The university’s plan calls for SDSU acquiring the site, valued at $82M, to create an academic village with housing, research facilities, parks, a hotel and commercial space, as well as a new Aztec stadium with 35,000 to 40,000 seats. Similar to FS Investors' $4B proposal, the SDSU proposal would create a dense, transit-oriented mixed-use development, but with less office and retail space. FS's proposal calls for 4,800 housing units, 3.1M SF of office and retail, two hotels and 56 acres of parkland plus a professional soccer stadium with 22,000 seats.

A ballot initiative for voter approval of La Jolla, California-based FS Investors' Soccer City proposal makes it legally difficult to declare the two sites surplus land or pursue any other use for these sites until after the November election. Deputy City Attorney Melissa Ables noted in a memo that the mayor could veto any such action by the council. Faulconer has expressed support for the Soccer City proposal and has met privately with representatives of FS Investors at least 25 times.
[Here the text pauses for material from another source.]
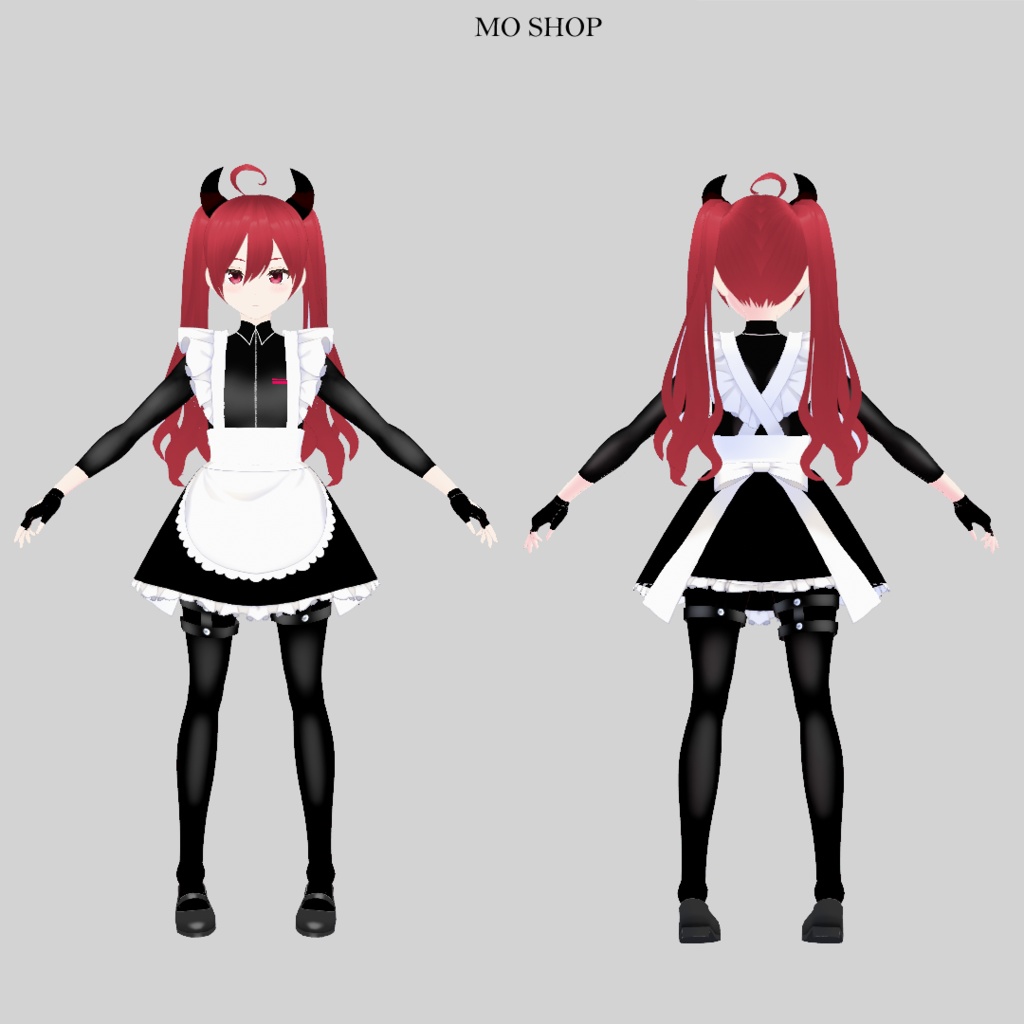 【VRoid】サイバーメイドセット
While the city cannot make any binding agreements that conflict with the SoccerCity ballot measure, Chief Deputy City Attorney Prescilla Digard said in another memo that the city can legally issue a request for proposals for alternative uses for these sites before the Soccer City measure is adopted by voters. The RFP must be carefully worded to ensure city resources are not used to campaign for or against the ballot initiative. If the measure should fail then the city could proceed with one of the alternative proposals.